You see, for a spiritual tradition that proclaims, “In the beginning there was the Word and the Word was with God and the Word was God… and that Word became flesh and dwelt among us full of truth and grace,” our way of doing Christianity has been pretty long on the words and awfully short on the flesh.
+ Our liturgies are word saturated – idea drenched – while all the other senses get short shrift if not disdain and neglect. Our spirituality has devolved from one rooted in critical intellectual reflection on our physical acts of social justice and tender compassion , to paraphrase Howard Rice in his very helpful study Reformed Spirituality, to something anemic, aloof and alienated from matter.
+ One long time member of one of our congregations said to me not long ago, “When I come to worship I want to escape the world, rest for awhile from all the harshness of contemporary life and let my mind be filled with pleasant and beautiful thoughts.”
+ And I thought, “Hmmmm… escapism, retreat and sentimentality – hardly the path of Jesus” but this soul is not alone, right? Many in this neck of the woods confuse quietism with tradition, self-centered or personalistic piety as prayer and tepid or even vapid romanticism for spirituality. It is what one of my profs once called “Sloppy Agape” – a corny obsession with the incidentals of religion – that avoids and denigrates the messiness of real life.

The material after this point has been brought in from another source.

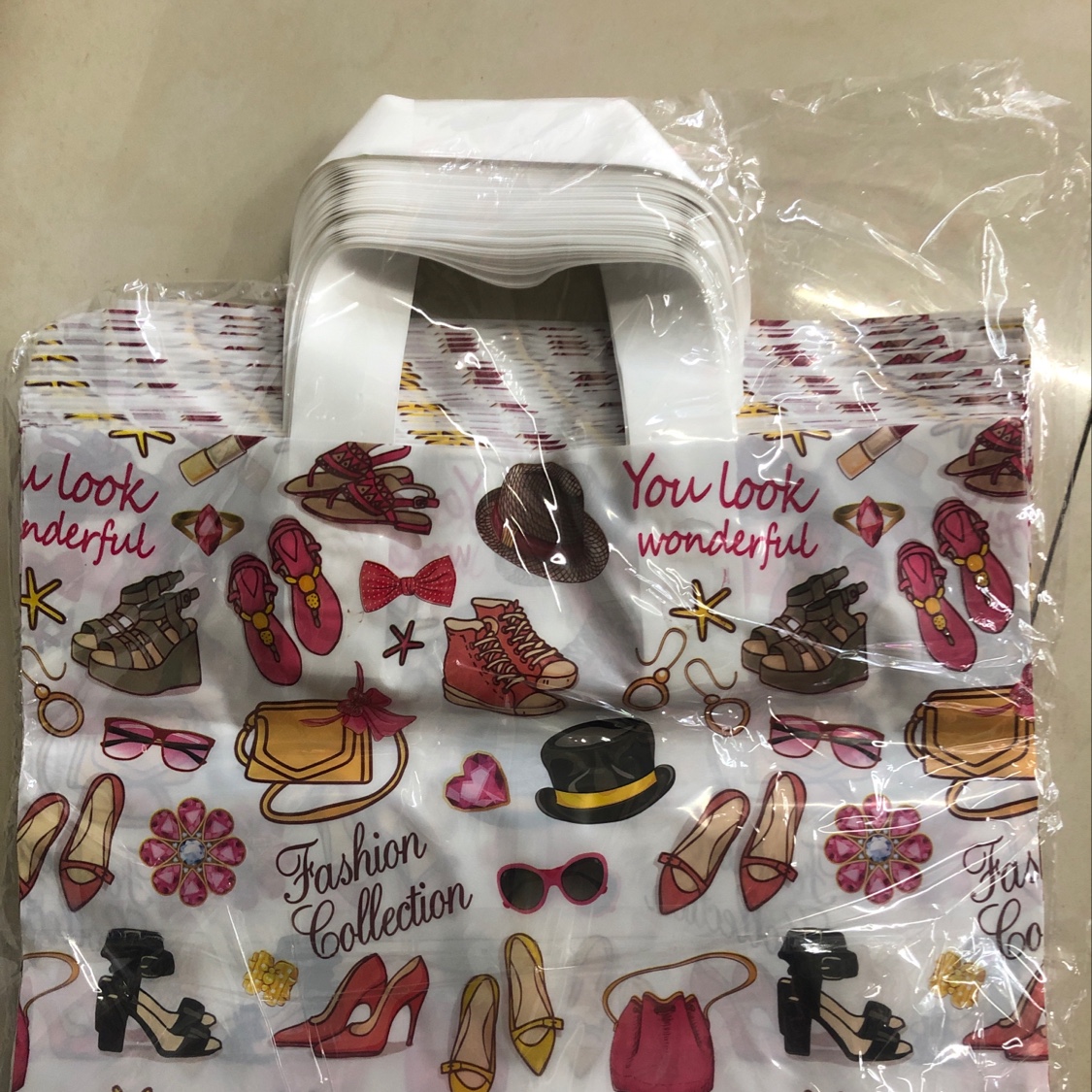 Freight self-care, available in stock, 35x30x7 silk handle bag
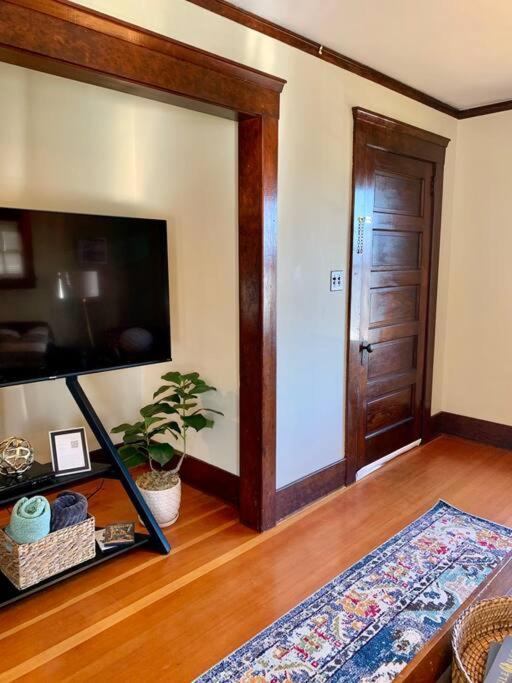 אסטוריה Historic Downtown Riverview Flat, No. 2 מראה חיצוני תמונה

Now please don’t misunderstand: I get why people want to escape from the furry of modern living even in the beauty and relative peace of the Berkshires. In his paraphrase of the Bible, Eugene Peterson reframe’s the words of Jesus – come unto me all ye who are tired and heavy laden and I will give you rest – into what has become almost a mantra for me: Are you tired? Worn out? Burned out on religion? Come to me. Get away with me and you'll recover your life. I'll show you how to take a real rest. Walk with me and work with me—watch how I do it. Learn the unforced rhythms of grace because I won't lay anything heavy or ill-fitting on you. Keep company with me and you'll learn to live freely and lightly.
Isn’t that beautiful? Are you burned out on religion – then come with me and learn the unforced rhythms of grace – I get that. I want that, too. Lots of us do: when I was in Tucson before coming to Pittsfield, one of the women in my congregation was a former pastor of the first GLBT congregation in town, an incredible fighter for those who have been shut out and denigrated as children of God for so long, whose church fired her because they said she had become too liberal in her theology.

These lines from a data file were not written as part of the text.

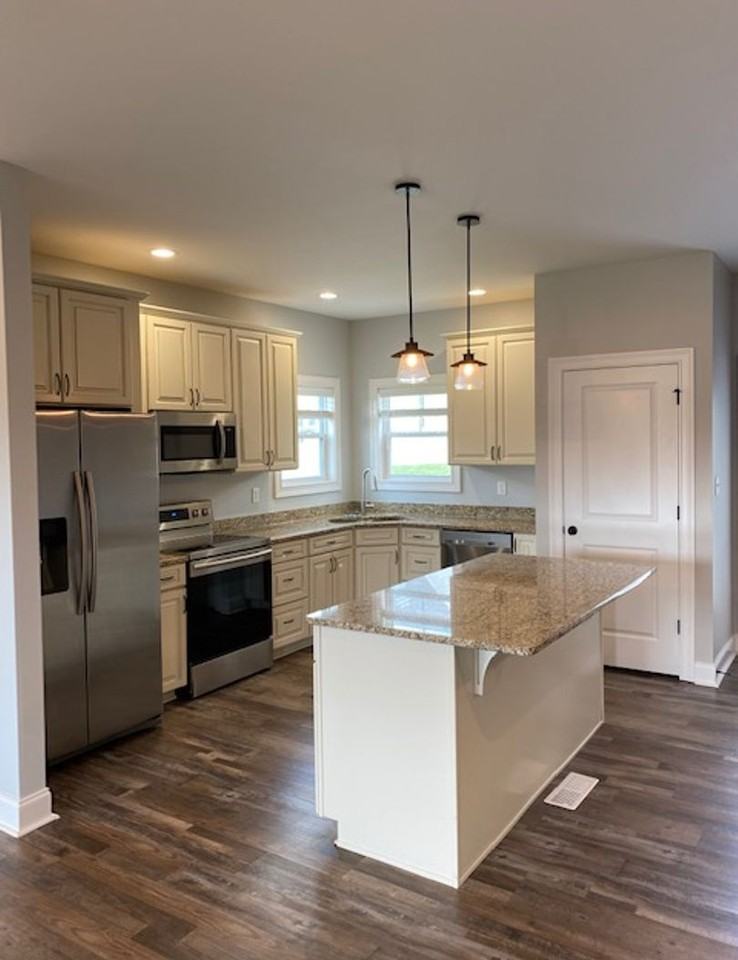 2950 Smallhouse Rd - Photo 5 of 22
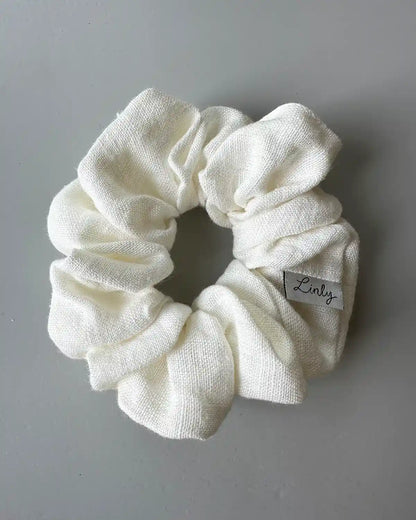 En benvit scrunchie 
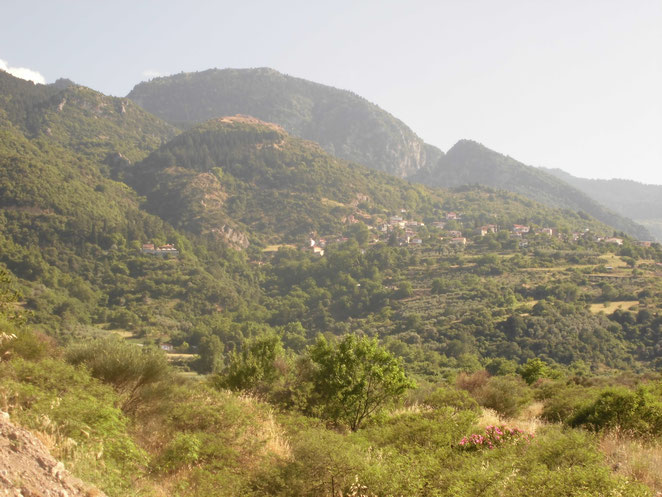 Le village d'Ypati, actuelle Hypata, sur les contreforts du Mont Oeta (photo de l'auteur, juin 2015)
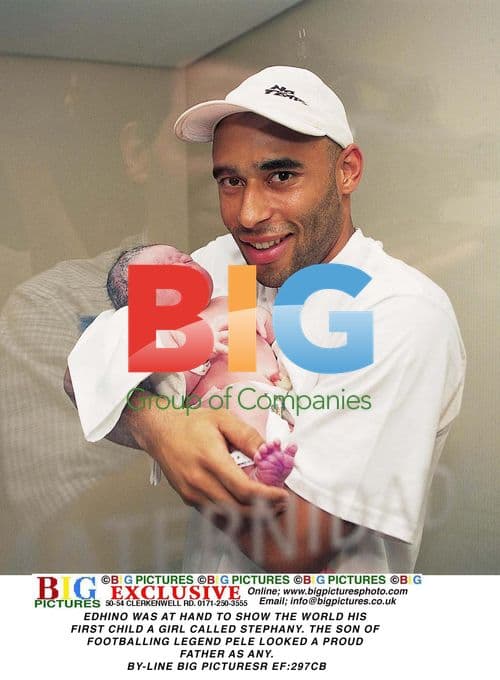 Pele's Son Edinho Introduces Newborn Daughter Stephany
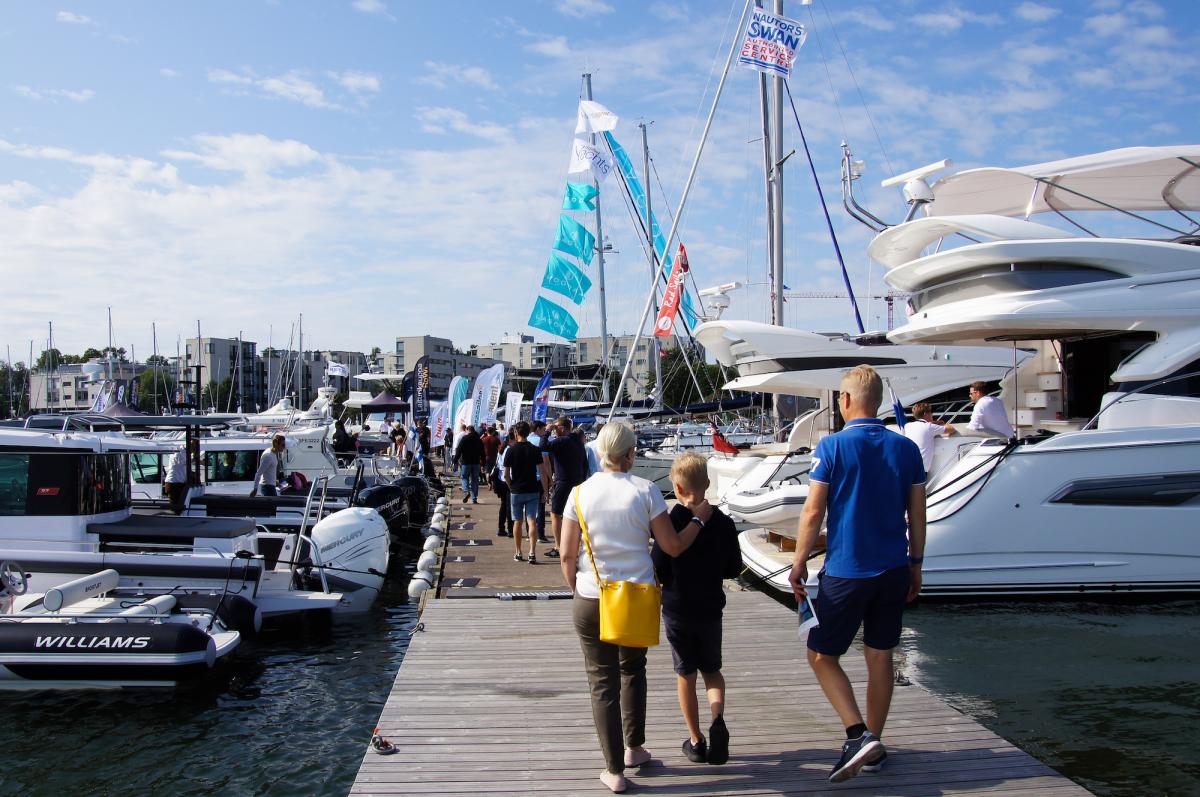 Helsingin Uiva Flytande -venenäyttelyyn tullaan viihtymään perheen ja ystävien kanssa.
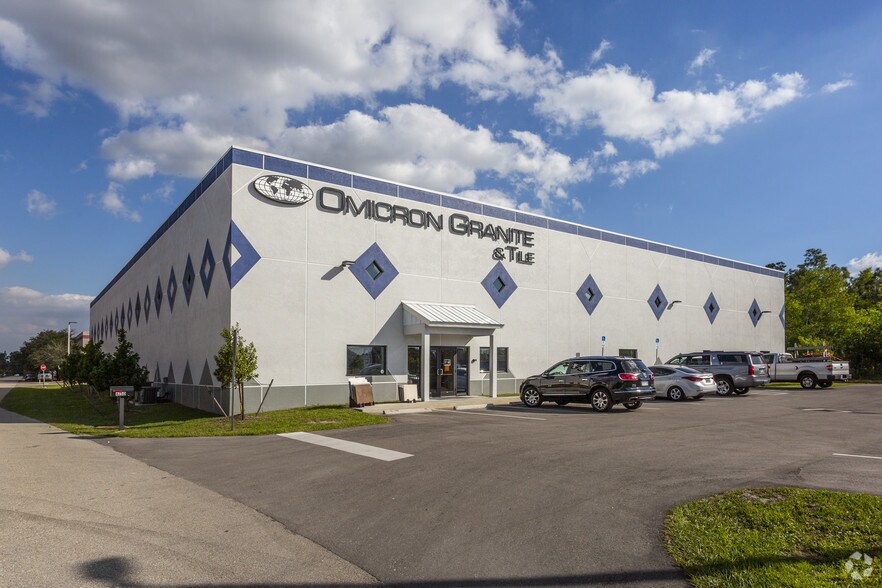 6150 Metro Plex Dr, Fort Myers, FL à louer - Photo de l’immeuble – Image 3 sur 8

Now get this: this church, which she founded out of a very conservative theology, after 10+ years turned on her and fired her because in addition to welcoming the gay and lesbian community – and fighting for just HIV/AIDS burials back in the day none of us knew what HIV/AIDS was – she also wanted to make sure that there was room at the table of Jesus for the hookers and the runaway kids, some of the street people around the church and those 2 or 3 straight allies who joined her in the good fight. And her folk said, “No, let them go someplace else because this church is ours!” And when she tried to remind and teach them that the church didn’t belong to them like a club – that it belonged to Jesus – they fired her.
She and her life partner had been worshipping with us for about 5 weeks when I used Peterson’s reworking of Matthew 11 – are you burned out on religion – and after church she took my hand and said, “God knows I am burned out on religion… what I need to taste is some of God’s grace.”

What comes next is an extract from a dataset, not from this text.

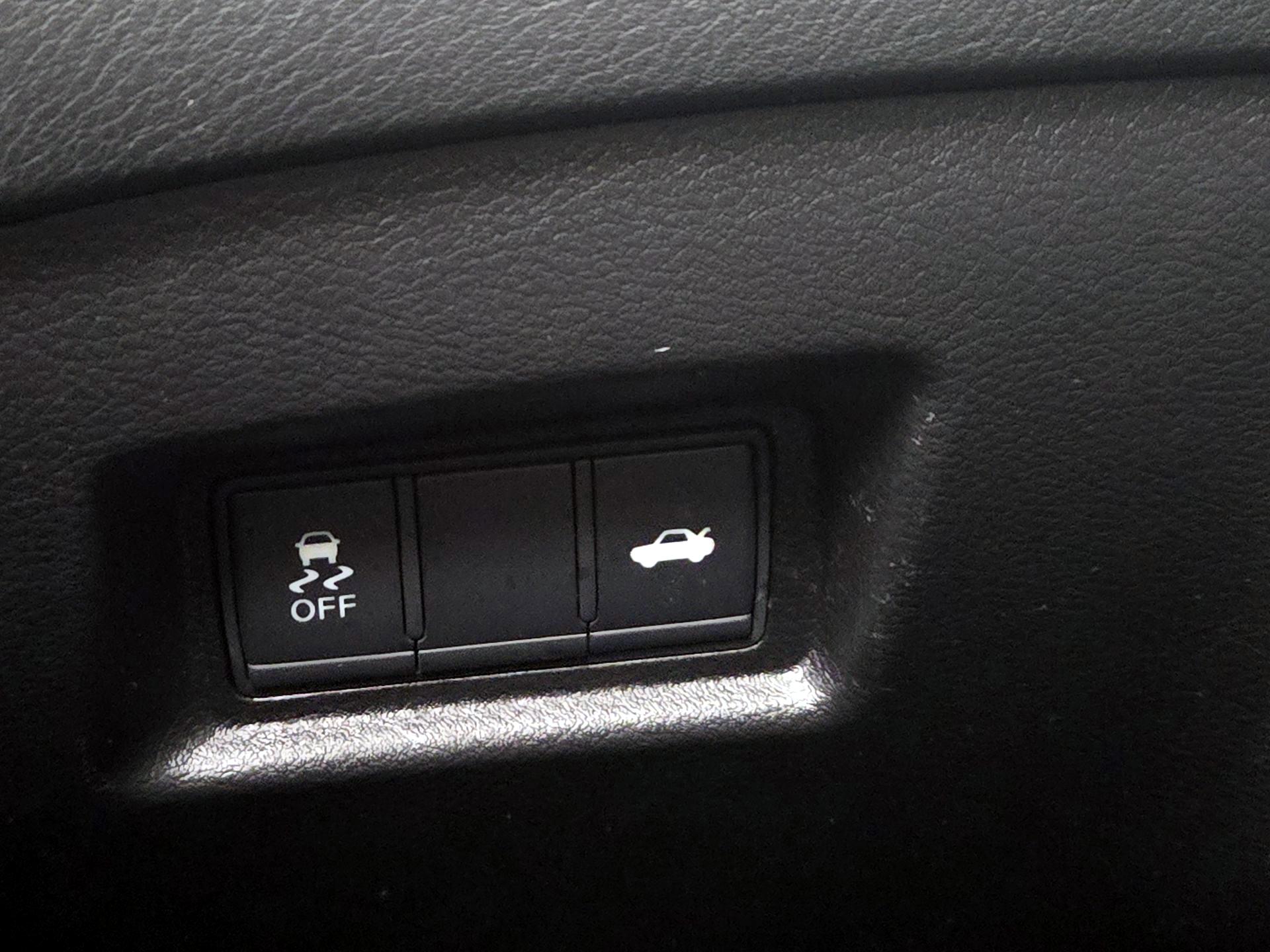 Thumbnail: 2018 INFINITI Q50 - 13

+ Learning how to feel the unforced rhythm of grace – to integrate word with our flesh – is part of what this experiment is all about.
+ And feeling – or experiencing – the blessings of grace is essential because for too long our tradition has mostly just talked about grace.
One of my favorite writers, Cathleen Falsani, is known as the God Girl because she interviews famous people about their encounters with the Sacred. In her most recent book, Sin Boldly: A Field Guide for Grace, she writes:
Why grace? Because some days it’s the only thing we have in common… because it’s the oxygen of religious life, or so says a musician friend of mine, who tells me: “Without it, religion will surely suffocate you!” Because so many of us are gasping for air and grasping for God, but fleeing from a kind of religious experience that has little to do with anything sacred or gracious. Because you can’t do grace justice with a textbook, theological definition or abstract concept but you can get closer by describing it with music and film, pictures and stories.
She then writes: I have a favorite T-shirt that reads, “Jesus is my mixtape.” When I bought it, I thought its slogan was charmingly quirky, but over time it has acquired this transcendent quality, a motto that sums up my belief that everything – EVERYTHING – is spiritual. At the center of that everythingness, as a pastor friend of mine likes to describe it, is a universal rhythm, a song we all play, like a giant, motley orchestra. Sometimes in tune, sometimes off-key. We call it by different names. Still, it remains – if only we have ears to hear it – the eternal soundtrack that plays in the background of our lives.
She is talking about the unforced rhythm of God’s grace – the integration of our ideas with our lives – our heads with our flesh and blood – our political and public lives with our private experiences – she’s talking about – and I’m talking about – learning to live into the promise and blessing of the incarnation within and among us.
So, as we move into this time of music and visuals – readings and silence – movement and conversation – please understand that this is not a performance or a concert: it is an experiment in using the stuff of ordinary life to both ground us in God’s grace and awaken us to the beauty that can change the world. As Cat Stevens once said, “If you want to sing out: sing out; and if you want to be free: be free.”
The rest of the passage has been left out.